Им пришлось испытать невыносимую жару, жажду, смертельную усталость после тяжелейшей работы, ибо М. М. Бушуев требовал полной отдачи сил (Лидия Владимировна вспоминала в одном из писем эпизод, относившийся, правда, к более позднему времени: однажды лаборантка заговорила о красоте заката, на что Бушуев тут же возразил, что она, по-видимому, не очень прилежно трудилась в течение дня, если способна восхищаться закатом).
Практикантами М. М. Бушуев остался доволен.
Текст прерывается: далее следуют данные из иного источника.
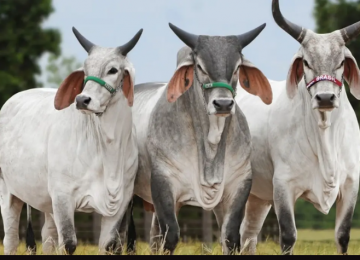 Brasil bate recorde no abate de gado e assume liderança mundial na produção de carne bovina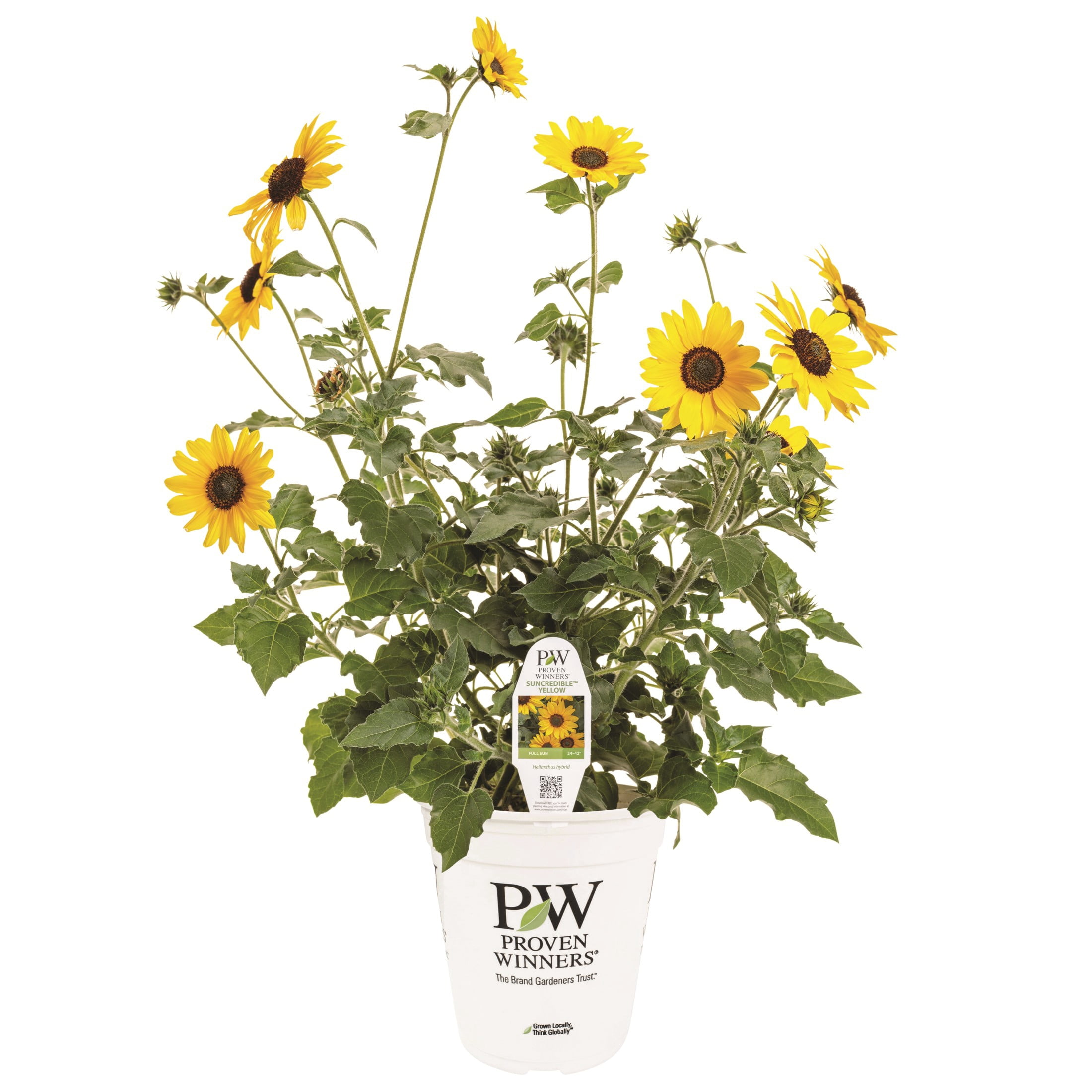 Proven Winners 8" Suncredible Yellow Sunflower Live Plant in 6.5" Pot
В отчете за 1912 год он указал, что «успеху работ в значительной мере опытное поле обязано необыкновенному трудолюбию добросовестных и талантливых сотрудников-студентов». И, перечисляя их, первым назвал Г. С. Зайцева.
А вскоре после его отъезда Михаил Михайлович Бушуев понял, что у него работал не просто старательный практикант, но подающий немалые надежды ученый. Понял потому, что Зайцев прислал ему свой практикантский отчет. Ознакомившись с ним, Михаил Михайлович написал:
«…увидите сами, когда предсказания Ваши были верны и насколько ценен Ваш краткий, но замечательный по ясности и солидности отчет»[9]
.После практики контакты Зайцева с Бушуевым не прекратились. Секретарь Туркестанского кружка и впредь должен был подыскивать товарищам места для прохождения практики, а у Бушуева были свои, не менее веские причины поддерживать связи с недавним практикантом.
Намечались крупные преобразования в опытном деле Туркестана, на что удалось получить субсидию от правительства. Всего в Туркестанском крае существовала одна опытная станция и четыре опытных поля. А с 1913 года начинала работу еще Селекционная станция в Фергане, и, кроме того, два опытных поля преобразовывались в станции. Станцией становилось и Голодностепское опытное поле.
А это означало не только смену вывески.
Требовалось расширить работу, углубить исследования, развернуть их в различных направлениях, основать новые отделы и отделения. А для всего этого — расширить штат научных работников. И таковых надо было сыскать.
«До сих пор мы не нашли ассистента-селекционера, энтомолога и садовода, — писал М. М. Бушуев Зайцеву в сентябре 1913 года. — Может быть, Вы согласитесь стать полеводом-ассистентом? Это был бы для опытной станции лучший выбор».
И в феврале 1914-го опять:
«Кое-кто из окончивших курс Московского с. х. института и Киевского политехникума подал уже заявление о зачислении на Голодностепскую опытную станцию, но, по правде сказать, на должность ассистента-полевода (или селекционера) я все время думал пригласить Вас, и так как Вы, заканчивая экзамены весной этого года, могли бы обосноваться в Туркестане, то я вновь прошу Вас занять место одного из ассистентов (полевода или селекционера) при станции». И дальше: «Было бы хорошо устроить для Вас, если согласитесь на должность селекционера, командировку для осмотра (и ознакомления) русских опытных и селекционных станций, что можно было бы устроить немедленно по окончании экзаменов. Само собой разумеется, что с вопросами селекционной методики и организацией селекционного дела было бы желательно ознакомиться в первую голову у Рудзинского — на институтской селекционной станции».
Итак, Бушуев дважды предложил ему должность селекционера. И ведь именно к селекции Зайцев чувствовал все возрастающее тяготение.